Google DeepMind has collaborated with classical scholars to create a new AI tool that uses deep neural networks to help historians decipher the text of damaged inscriptions from ancient Greece. The new system, called Ithaca, builds on an earlier text recovery system called Pythia.
Ithaca doesn’t just help historians recover text — it can also identify a text’s origin location and date of creation, according to a new paper the research team published in the journal Nature† Ithaca has even been used to settle an ongoing debate among historians about the correct dates for a group of ancient Athenian decrees. An interactive version of Ithaca is available for free and the team makes the code open source.

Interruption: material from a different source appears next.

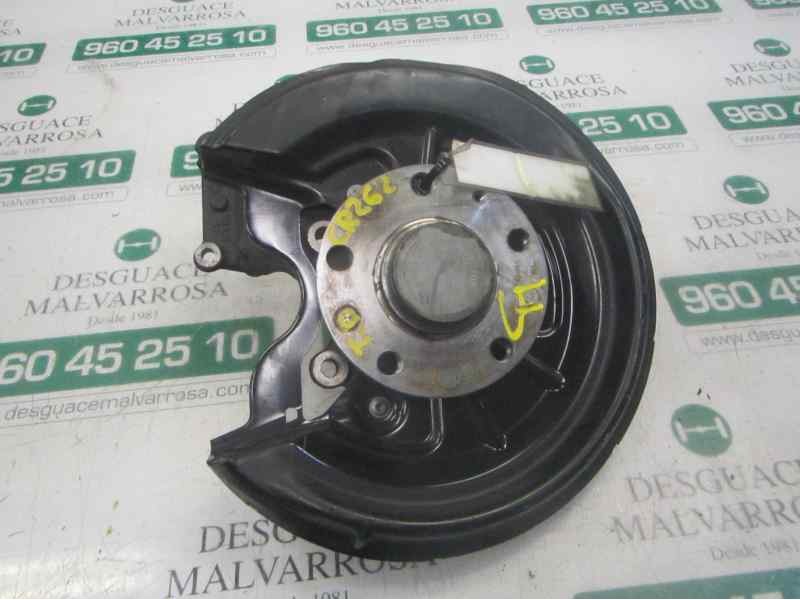 Recambio de mangueta trasera derecha para volkswagen golf vi (5k1) 1.6 tdi dpf referencia OEM IAM 1K0505436AC  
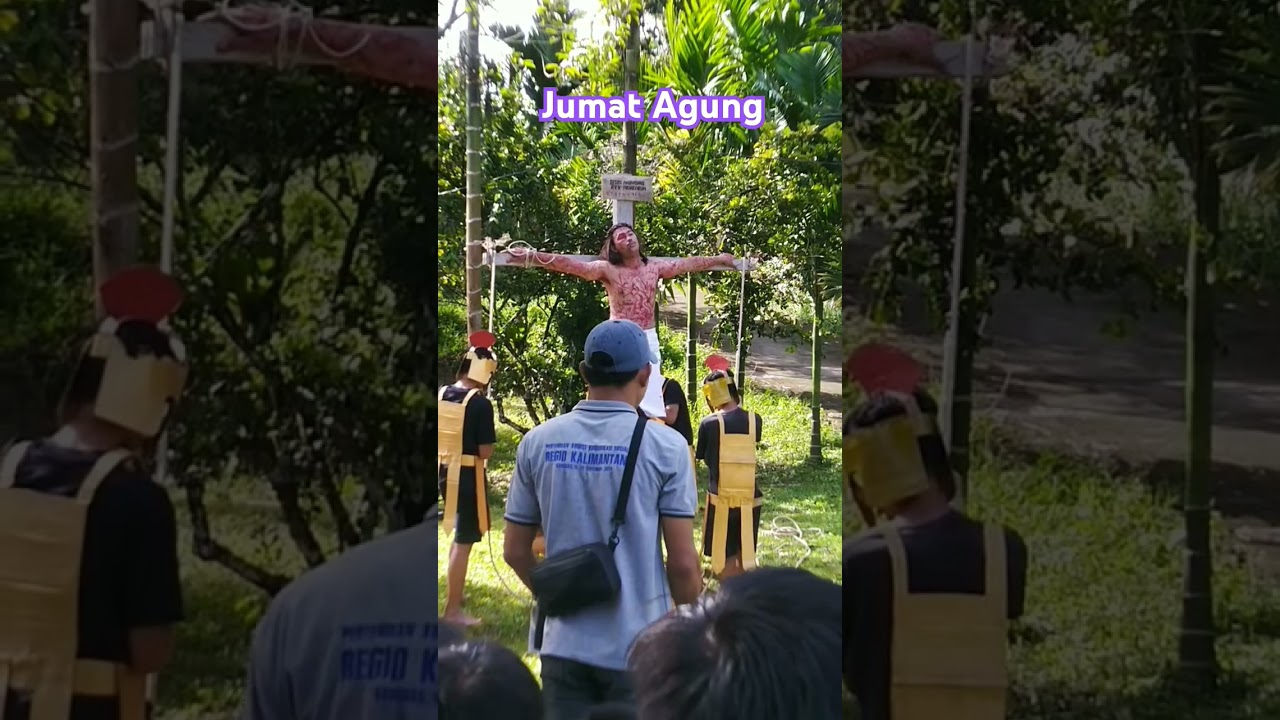 Jum'at Agung #shortsvideo #jumatagung #katolik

Many ancient sources—whether written on scrolls, papyri, stone, metal, or pottery—are so damaged that large chunks of text are often illegible. It can also be a challenge to determine where the lyrics come from, as they have likely been moved several times. As for accurately determining when they were produced, radiocarbon dating and similar methods cannot be used as they can damage the priceless artifacts. So the daunting and time-consuming task of interpreting these incomplete texts falls to so-called epigraphists who specialize in those skills.
As the folks at DeepMind wrote in 2019:
One of the problems with distinguishing the meaning of incomplete text fragments is that there are often multiple possible solutions. In many word games and puzzles, players guess letters to complete a word or phrase. The more letters specified, the more limited the possible solutions become. But unlike these games, which require players to guess a sentence individually, historians restoring a text can estimate the likelihood of several possible solutions based on other contextual clues in the inscription, such as grammatical and linguistic considerations, layout and form, textual parallels, and historical context.
To help speed up the process, DeepMind’s Yannis Assael, Thea Sommershield and Jonathan Prag teamed up with researchers at the University of Oxford to develop Pythia, an ancient text recovery system named after the high priestess who served as the Oracle of Delphi and the sayings of the god Apollo.
The researchers’ first step was to convert the Packard Humanities Institute (PHI) database — the largest digital collection of ancient Greek inscriptions — into machine-active text they called PHI-ML. That amounted to about 35,000 inscriptions and more than 3 million words from the 7th century BC to the 5th century AD. Next, the researchers trained Pythia (using both words and the individual characters as input) to predict the missing letters of words in those inscriptions. Pythia is trained to use the pattern recognition capabilities of deep neural networks.
When confronted with an incomplete inscription, Pythia produced as many as 20 different possible letters or words that could fill in the gaps, as well as the confidence level for each possibility. It was up to the historians (the ‘domain experts’) to explore those possibilities and make a final decision based on their substantive expertise.
The team tested the system by comparing Pythia’s results on completing 2,949 inscriptions with those of Oxford students in epigraphy. Pythia’s output had a 30.1 percent error rate, compared to a 57.3 percent error rate for the students. Pythia was also able to complete the task much faster, taking just a few seconds to decipher 50 inscriptions, compared to two hours for the students.